PDA

View Full Version : Haldirs Elves



Munting
23-01-2010, 13:45
Hey guys,

I'm reading LOTR, and I have just finished the battle of helms deep. However Haldirs elves were not present- are they involved with any conflicts outside of Lorien? I'm guessing not, but it seems a pointless thing to add to the films.....

Suicide Messiah
23-01-2010, 15:32
So far as i remember they were added into the films. Probably just to show how awesome they and Aragorn were.

Condottiere
23-01-2010, 17:45
Jackson probably thought there wasn't enough Elf action in the film; too bad he didn't add in a Dwarven contingent.

Hero adamite
23-01-2010, 17:51
It was good to see the Elves in action in the movies :D I agree with Condottiere, i wanted to see more about the dwarves in the movies :D

Munting
23-01-2010, 19:26
yeah thats what I figured. Would love there to be more elf fightyness in the book. Awesome though they are :)

Thorin Hubertson
23-01-2010, 21:30
I didn't like Gimli being the "funny little guy". A dwarf should be so much more serious. Nonetheless, the same happened in "Dungeons and Dragons".
But we may look forward to "The Little Hobbit" in 2011/2012. There should be many dwarves in these films, and the mighty dragon Smaug, too. I don't think the dwarves appearing in "The Little Hobbit" will make people laugh... As far as I know, Peter Jackson will produce these films, with Guillaume del Toro as regisseur (some kind of XO?!). I saw some spots from "Pan's Labyrinth". Del Toro has good - and dark - style in telling a story.

Whitwort Stormbringer
23-01-2010, 23:47
yeah thats what I figured. Would love there to be more elf fightyness in the book. Awesome though they are :)

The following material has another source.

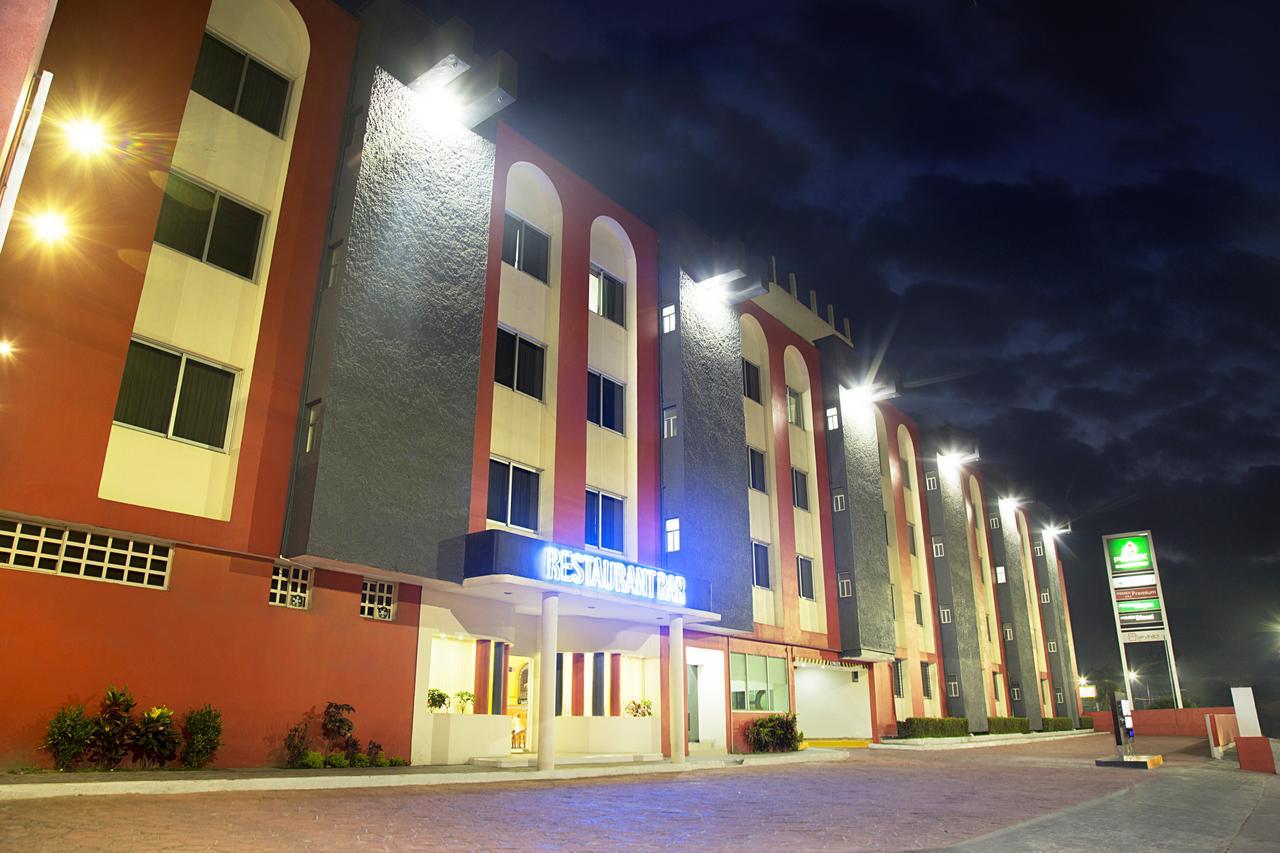 Hotel Madrid Minatitlán Dış mekan fotoğraf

I say this with a little caution, since I've heard it compared to a history text book, but if you're into elves I would recommend reading The Silmarillion.

While I do think it was an OK choice to have Haldir and an army come from Lorien to Helm's Deep in the movies, therefore strengthening the role of the elves and their relationship with humans, a major theme in the books is that the age of the elves has ended, and they're essentially handing over stewardship of Middle Earth to men. A standing army the likes of the one in the Two Towers movie probably didn't exist in Lorien at that time in the books (given that Lorien had to defend itself against orc raids as well). Mirkwood may have had such an army, since they did show up at the Battle of Five Armies in full force, but Mirkwood seems a) somewhat more isolationist even than other elven nations, and b) too far away to have contributed armies in time.

Anyways, if you're in for some heavy reading, The Silmarillion is full of elves in action, and IMO very interesting.


I didn't like Gimli being the "funny little guy". A dwarf should be so much more serious. Nonetheless, the same happened in "Dungeons and Dragons".
But we may look forward to "The Little Hobbit" in 2011/2012. There should be many dwarves in these films, and the mighty dragon Smaug, too. I don't think the dwarves appearing in "The Little Hobbit" will make people laugh... As far as I know, Peter Jackson will produce these films, with Guillaume del Toro as regisseur (some kind of XO?!). I saw some spots from "Pan's Labyrinth". Del Toro has good - and dark - style in telling a story.
I think Guillermo Del Toro is directing, which will probably be good - I like his other stuff and if you can say anything, it's that he's relatively faithfull to his source material. He also has a flair for creating monsters, so his input in conjunction with WETA's excellent work in the LotR trilogy should be promising.

Good point too, that The Hobbit will definitely give us plenty of dwarf action, and a full-size elven army too.

canucklhead
24-01-2010, 17:07
Del Toro does some stunning work, and has his characters with senses of humour, rather than comic relief. That has always been a sign of poor producer/ director ability, and is rampant in Star Wars, (to give an example).

I'm looking forward to the Hobbit. If only for the amy of Dwarfs led by Dain. I was terribly dissapointed in the portrayal of Gimli as the comic relief, when the books show him as a very wise and proud.

Dunedain
26-01-2010, 02:07
The elves were included because they were awesome. And every major battle in a sci-fi/fantasy battle must be as awesome as it can be.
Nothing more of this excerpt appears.